Which shoe model is the most popular among the brands? I specify all models that were identified less than 5 times total as “other”.

Show the code
shoe_model_plot <- clean_data_w_models |> 
  count(shoe_brand, shoe_model) |> 
  mutate(shoe_model = case_when(
    n > 4 ~ shoe_model,
    TRUE ~ "other"
  )) |> 
    drop_na(shoe_brand, shoe_model) |> 
    group_by(shoe_brand, shoe_model) |> 
    summarize(n = sum(n)) |> 
    ggplot(aes(x = shoe_brand, y = n, fill = shoe_model, text = str_glue("{shoe_model}, N={n}"))) +
    geom_col() +
    theme_minimal() +
    theme(legend.position = "none") +
    labs(x = "Shoe Brand", y = "N")

shoe_model_plot |> ggplotly(tooltip = "text")

We can also summarize this plot into two tables with percentages.

Show the code
total_n <- nrow(clean_data_w_models |> drop_na(shoe_brand))
brand_share <- clean_data_w_models |> 
  count(shoe_brand, shoe_model) |> 
  mutate(shoe_model = case_when(
    n > 4 ~ shoe_model,
    TRUE ~ "other"
  )) |> 
    drop_na(shoe_brand, shoe_model) |> 
    group_by(shoe_brand, shoe_model) |> 
    summarize(n = sum(n)) |> 
  group_by(shoe_brand) |> 
  summarize(`Share (%)` = 100*(sum(n)/total_n) |> round(3)) |> 
  rename(Brand = shoe_brand)

most_pop_models <- clean_data_w_models |> 
  drop_na(shoe_brand) |> 
  mutate(shoe = str_c(shoe_brand, " ", shoe_model)) |> 
  count(shoe) |> 
  group_by(shoe) |> 
  summarize(`Share (%)` = 100*(sum(n)/total_n) |> round(3)) |> 
  slice_max(`Share (%)`, n = 10) |> 
  rename(Shoe = shoe)
Show the code
total_n |> kable()
x
564
Show the code
most_pop_models |> kable()
Shoe Share (%)
nike alphafly 30.7
nike vaporfly 16.0
adidas adios pro 11.9
asics metaspeed 10.1
saucony endorphin 9.4
puma fast-r 2.3
nb fuelcell supercomp elite 2.1
on cloudboom 2.1
puma deviate 2.0
hoka rocket 1.6

And how about the watches? Here, you can look at the different models by hovering over the subsections of the bars.

Show the code
watch_model_cat <- cleaned_data |> 
  add_count(watch_brand, watch_model_cat, name = "n") |> 
  drop_na(watch_brand) |> 
  ggplot(aes(watch_brand, fill = watch_model_cat, text = str_glue("{watch_model_cat}, N={n}"))) +
  geom_bar() +
  #scale_y_log10(labels = scales::label_number()) +
  scale_fill_manual(values = c(
    RColorBrewer::brewer.pal(9, "Set1"),
    RColorBrewer::brewer.pal(8, "Dark2"),
    RColorBrewer::brewer.pal(8, "Set2")
  )) +
  theme_minimal() +
  labs(x = "Watch Brand", y = "N", caption = "Brands with n<=5 were excluded.") +
  theme(legend.position = "none")


watch_model_cat |> ggplotly(tooltip = "text")

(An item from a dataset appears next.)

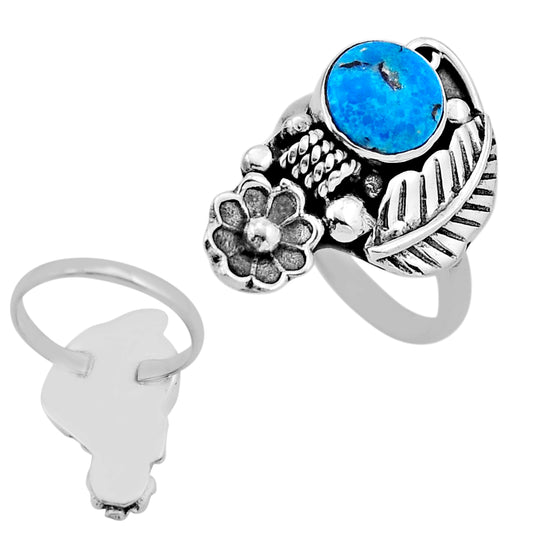 Arizona Mojave turquoise silver flower with leaf ring size 7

Garmin clearly dominates here, with Coros being in second place. Interestingly, there’s no Wahoo at all, despite sponsoring some runners.

Elapsed time

Do we see some trends with regard to overall elapsed time?

Show the code
cleaned_data |> 
  drop_na(shoe_brand) |> 
  ggplot() +
  geom_boxplot(aes(shoe_brand, elapsed_time, fill = shoe_brand)) +
  scale_fill_manual(values = c(
    RColorBrewer::brewer.pal(9, "Set1")
  )) +
  theme_minimal() +
  labs(x = "Shoe Brand", y = "Elapsed Time")  +
  theme(legend.position = "none")

No clear trends here either.

Maybe faster runners wear different watches, e.g., due to sponsorship agreements?

Show the code
cleaned_data |> 
  drop_na(watch_brand) |> 
  ggplot() +
  geom_boxplot(aes(watch_brand, elapsed_time, fill = watch_brand)) +
  scale_fill_manual(values = c(
    RColorBrewer::brewer.pal(9, "Set1")
  )) +
  theme_minimal() +
  labs(x = "Watch Brand", y = "Elapsed Time") +
  theme(legend.position = "none")

Here, it is worth noting that some brands were hardly present in the sample (i.e., Polar, Suunto). However, it appears as though faster runners tend to have dedicated running watches (i.e., not an Apple Watch).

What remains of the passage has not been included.